Stored data ->
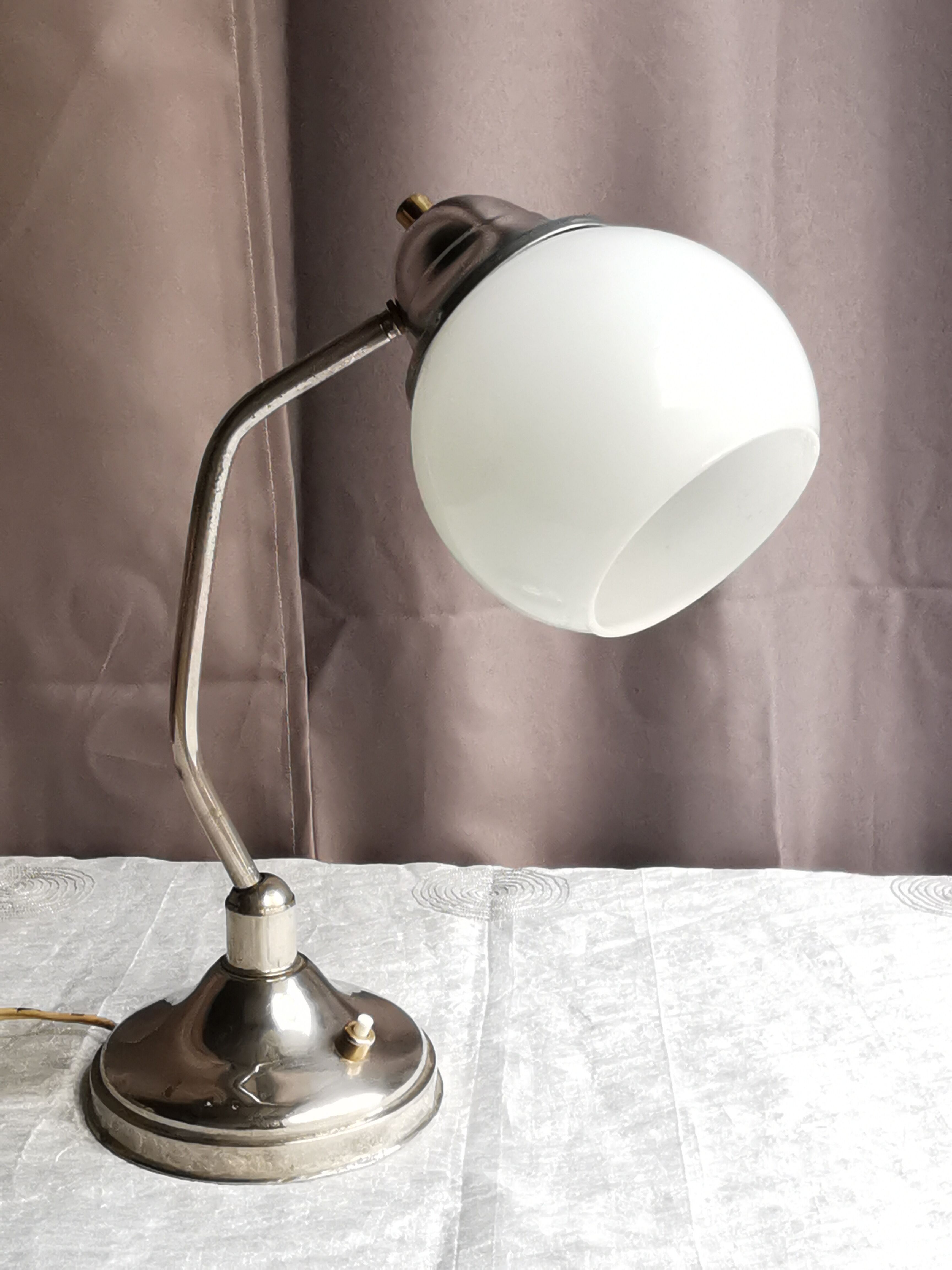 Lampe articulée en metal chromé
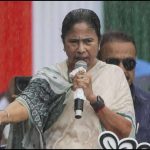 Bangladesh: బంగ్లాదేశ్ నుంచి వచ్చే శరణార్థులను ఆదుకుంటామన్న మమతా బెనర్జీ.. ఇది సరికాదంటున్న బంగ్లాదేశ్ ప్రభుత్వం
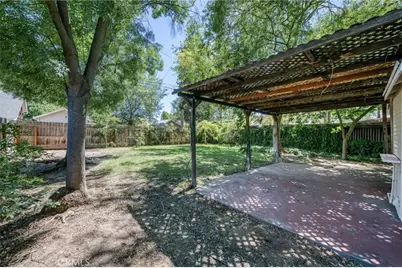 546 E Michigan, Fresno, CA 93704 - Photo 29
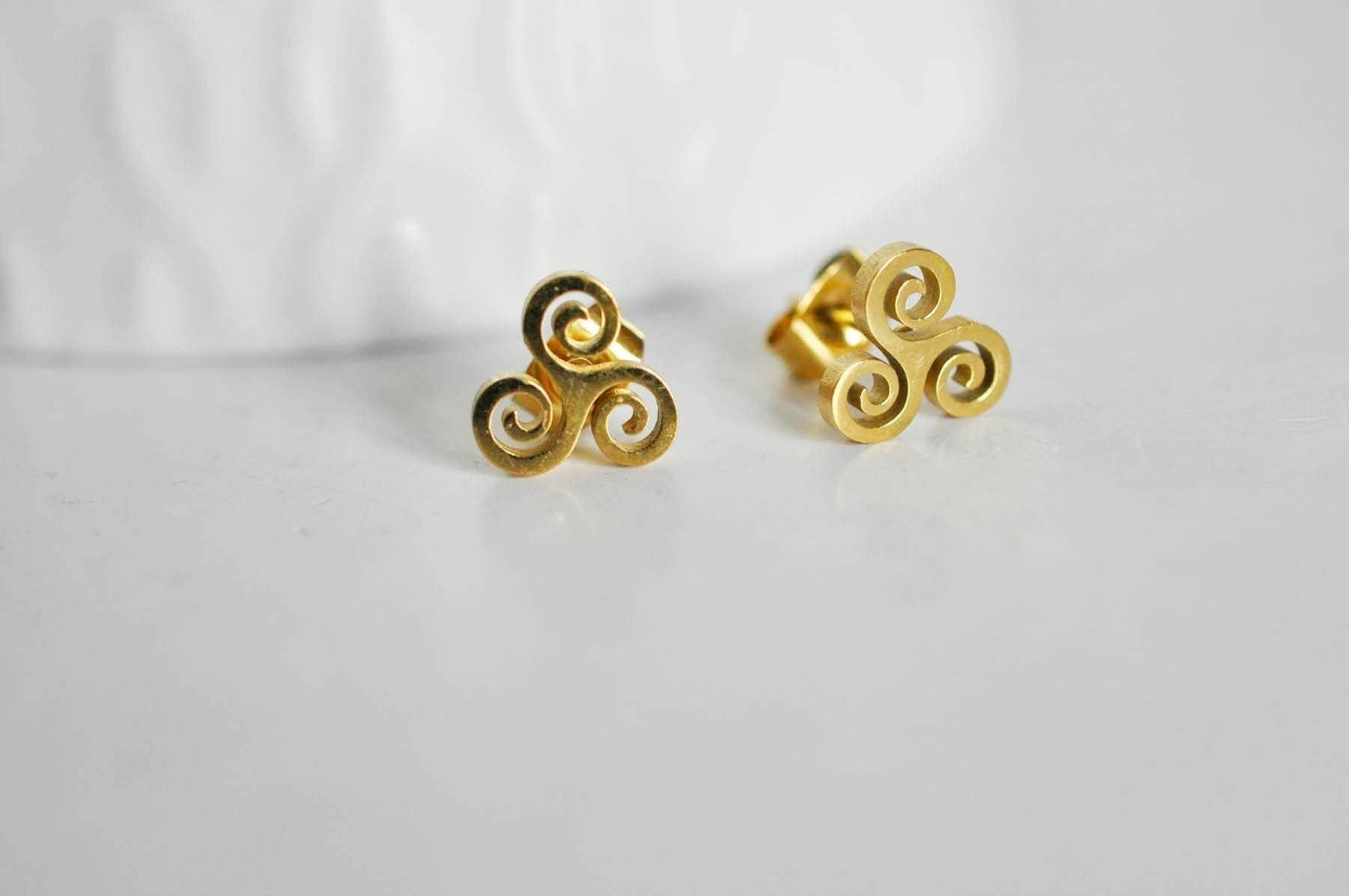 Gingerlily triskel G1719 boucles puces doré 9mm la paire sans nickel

Work task ->
Copy all the lines of data exactly as they appear, dropping any images.

Completed exercise ->
 Lampe articulée en metal chromé
 Bangladesh: బంగ్లాదేశ్ నుంచి వచ్చే శరణార్థులను ఆదుకుంటామన్న మమతా బెనర్జీ.. ఇది సరికాదంటున్న బంగ్లాదేశ్ ప్రభుత్వం
 546 E Michigan, Fresno, CA 93704 - Photo 29
 Gingerlily triskel G1719 boucles puces doré 9mm la paire sans nickel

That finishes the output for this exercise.